**PROBLEM REQUIREMENTS:**
Output only the lines from the line holding "一般道の夜景：キラキラたまぼけ 夜景,夜,xmasの写真素材" through the close of the records, exactly as they appear, with all pictures omitted.

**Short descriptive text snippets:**
((

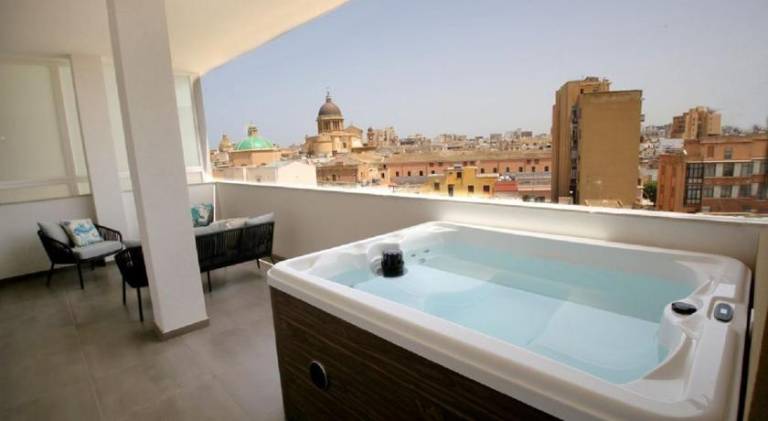Pleasant holiday apartment with terrace, jacuzzi & private pool | Pets allowed in Marsala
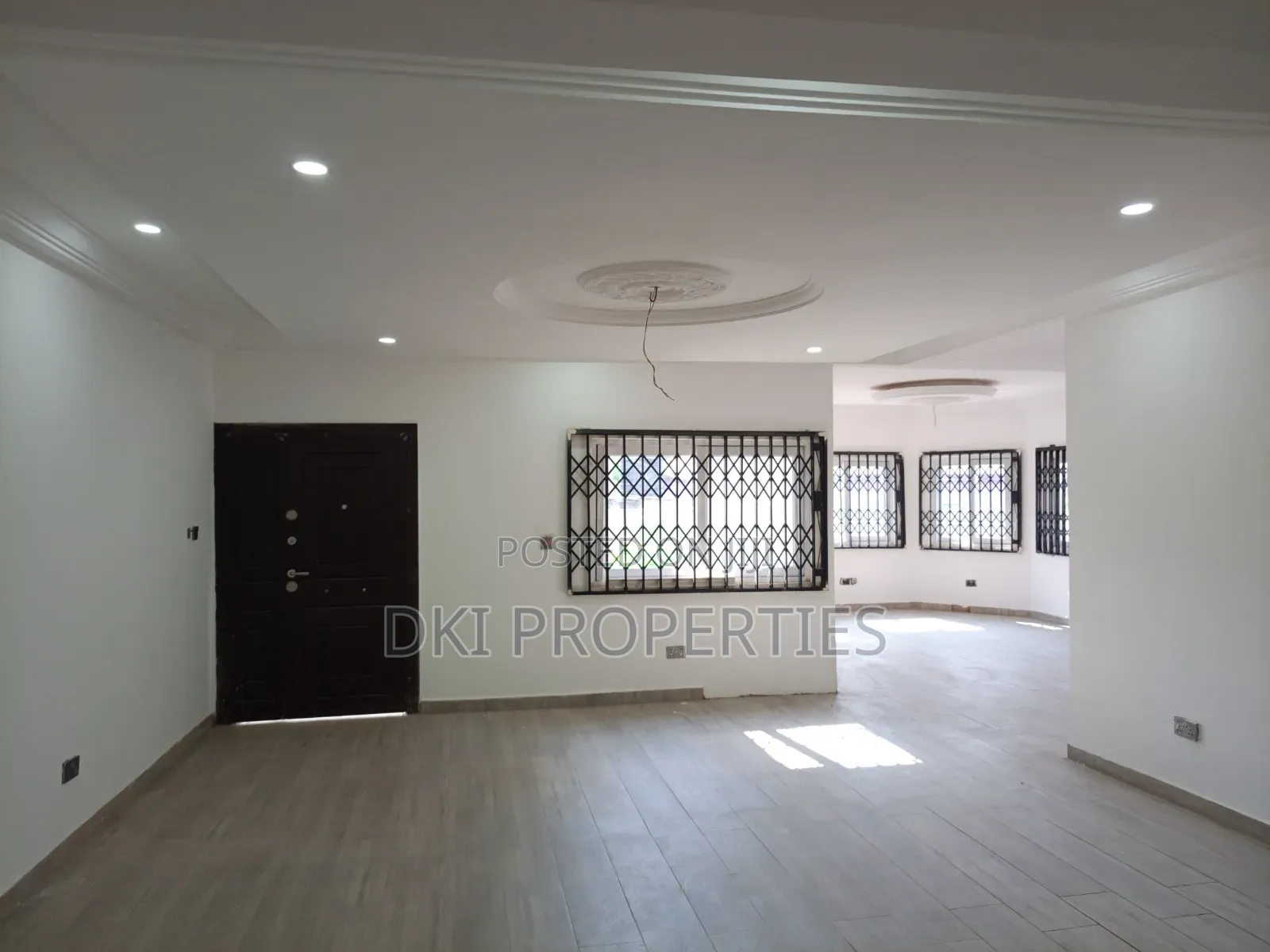 4bdrm House in Dki Properties, Oyibi for sale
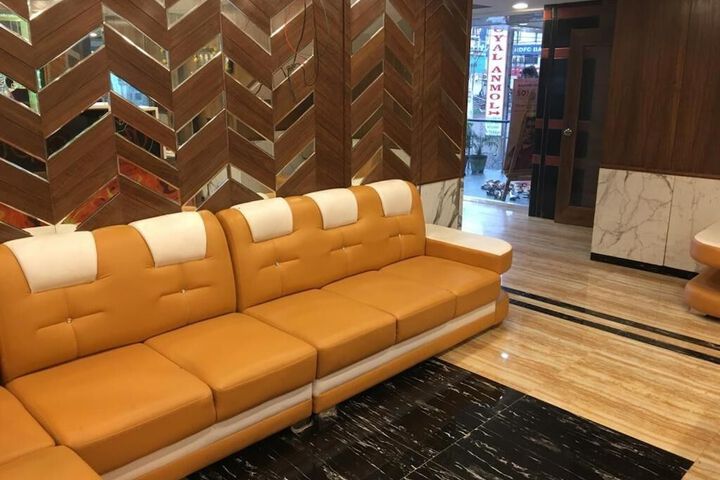 Hotel Interior 7 of 33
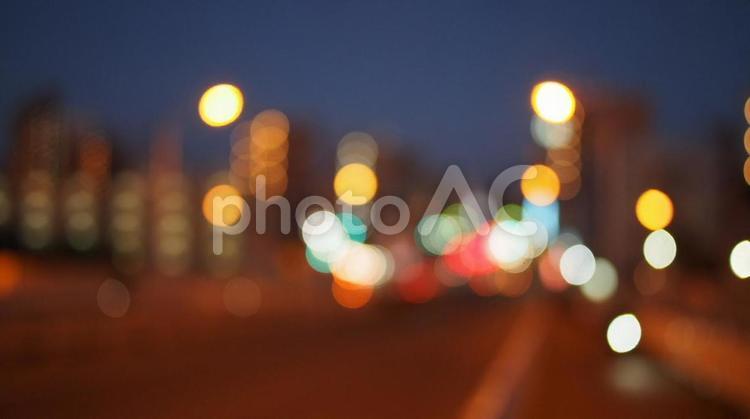 一般道の夜景：キラキラたまぼけ 夜景,夜,xmasの写真素材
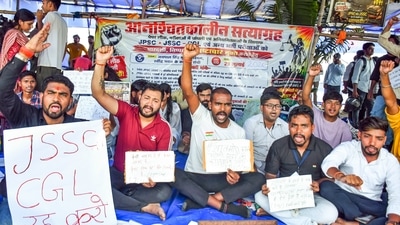 Students hold banners and raise slogans while protesting against the alleged paper leak of the JPSC exam at Jaipal Singh Stadium, in Ranchi on Tuesday. (ANI) Students hold banners and raise slogans while protesting against the alleged paper leak of the JPSC exam at Jaipal Singh Stadium, in Ranchi on Tuesday. (ANI)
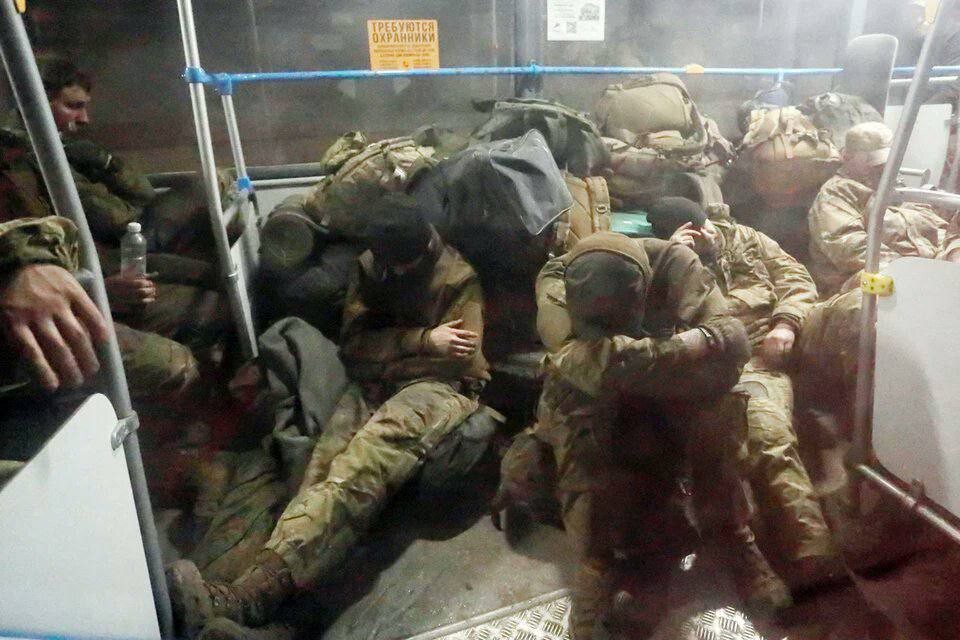 Объявление в автобусе «требуются охранники», конечно, очень в кассу ...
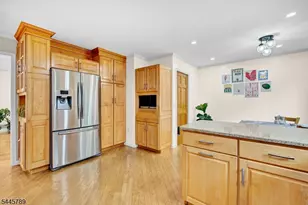 151 Cottage Pl, Long Hill Township, NJ 07933 - Photo 18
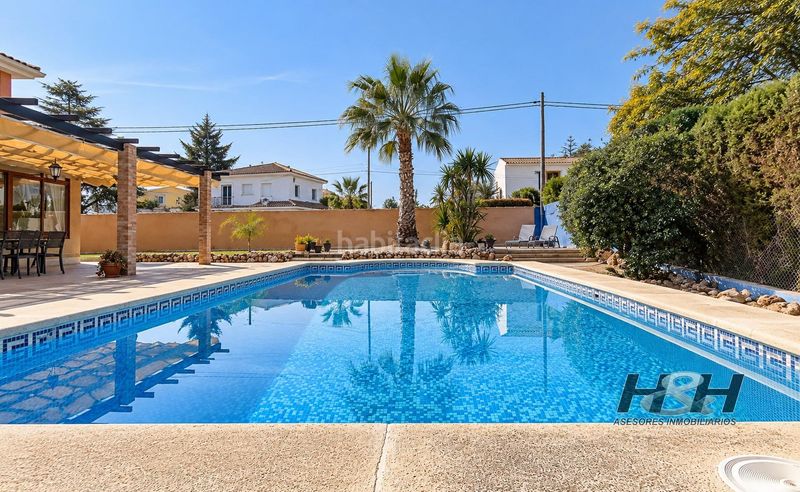 Foto 60a71735-e5c7-43f9-be7d-fa4fe2e54f75. Xalet amb calefacció aparcament piscina a Riba - roja de Túria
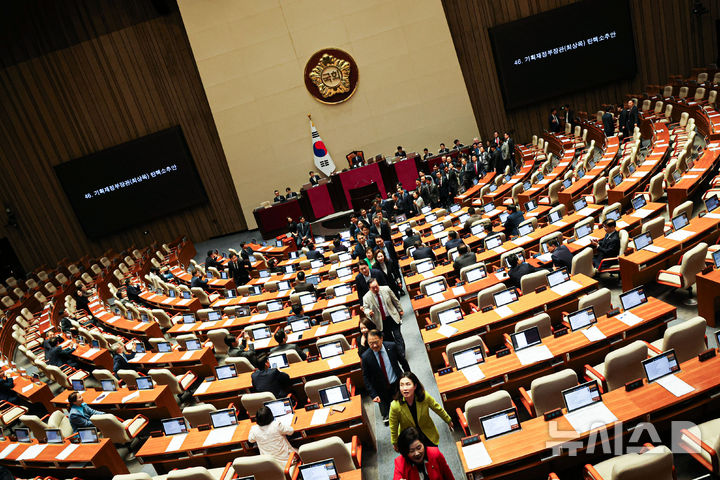 [서울=뉴시스] 권창회 기자 = 사진은 지난 1일 서울 여의도 국회에서 열린 제424회 국회(임시회) 제7차 본회의에서 국민의힘 의원들이 최상목 탄핵소추안 상정에 반발하며 본회의장을 퇴장하고 있는 모습. 2025.05.01. kch0523@newsis.com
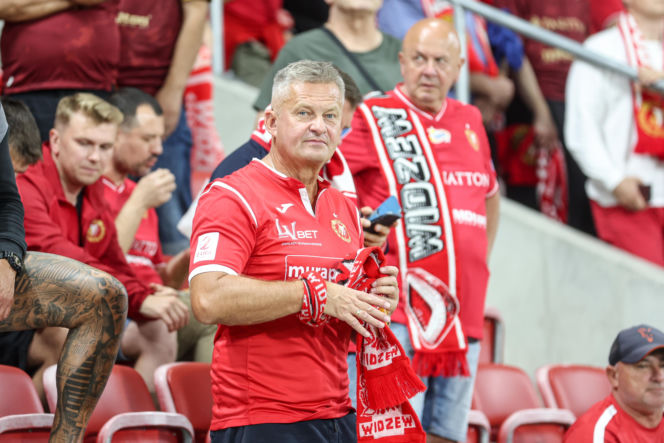 Widzew Łódź - Lech Poznań: Zdjęcia kibiców z meczu 6. kolejki PKO BP Ekstraklasy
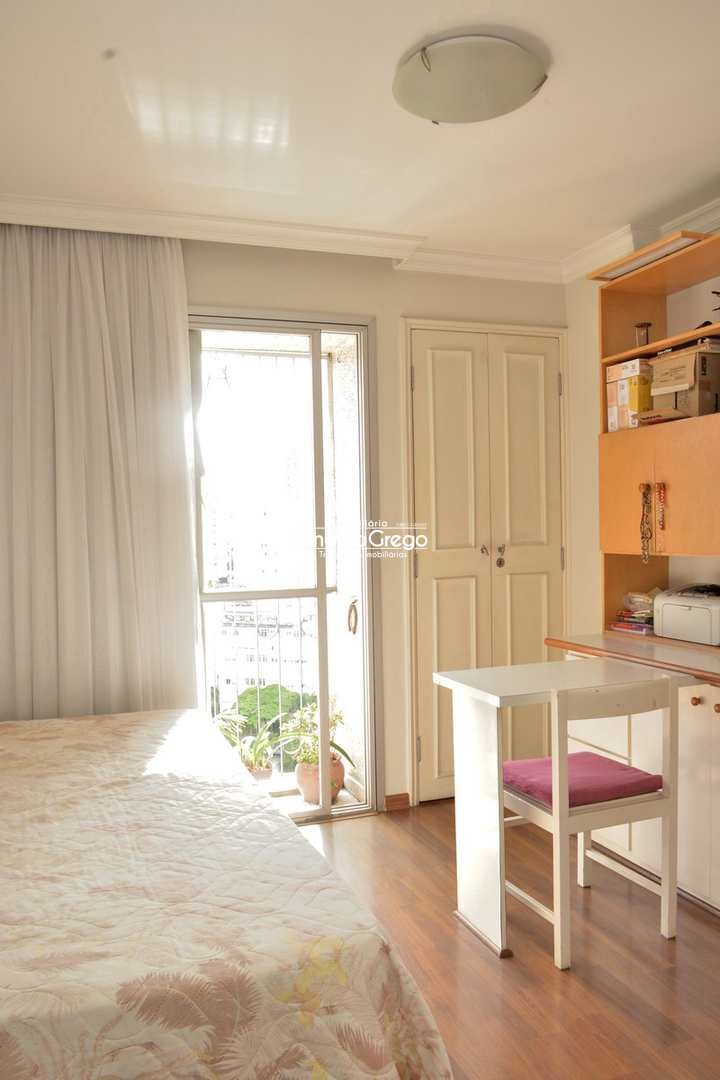 Apartamento à venda com 3 quartos, 118m² - Foto 25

))

**YOUR RESPONSE:**
 一般道の夜景：キラキラたまぼけ 夜景,夜,xmasの写真素材
 Students hold banners and raise slogans while protesting against the alleged paper leak of the JPSC exam at Jaipal Singh Stadium, in Ranchi on Tuesday. (ANI) Students hold banners and raise slogans while protesting against the alleged paper leak of the JPSC exam at Jaipal Singh Stadium, in Ranchi on Tuesday. (ANI)
 Объявление в автобусе «требуются охранники», конечно, очень в кассу ...
 151 Cottage Pl, Long Hill Township, NJ 07933 - Photo 18
 Foto 60a71735-e5c7-43f9-be7d-fa4fe2e54f75. Xalet amb calefacció aparcament piscina a Riba - roja de Túria
 [서울=뉴시스] 권창회 기자 = 사진은 지난 1일 서울 여의도 국회에서 열린 제424회 국회(임시회) 제7차 본회의에서 국민의힘 의원들이 최상목 탄핵소추안 상정에 반발하며 본회의장을 퇴장하고 있는 모습. 2025.05.01. kch0523@newsis.com
 Widzew Łódź - Lech Poznań: Zdjęcia kibiców z meczu 6. kolejki PKO BP Ekstraklasy
 Apartamento à venda com 3 quartos, 118m² - Foto 25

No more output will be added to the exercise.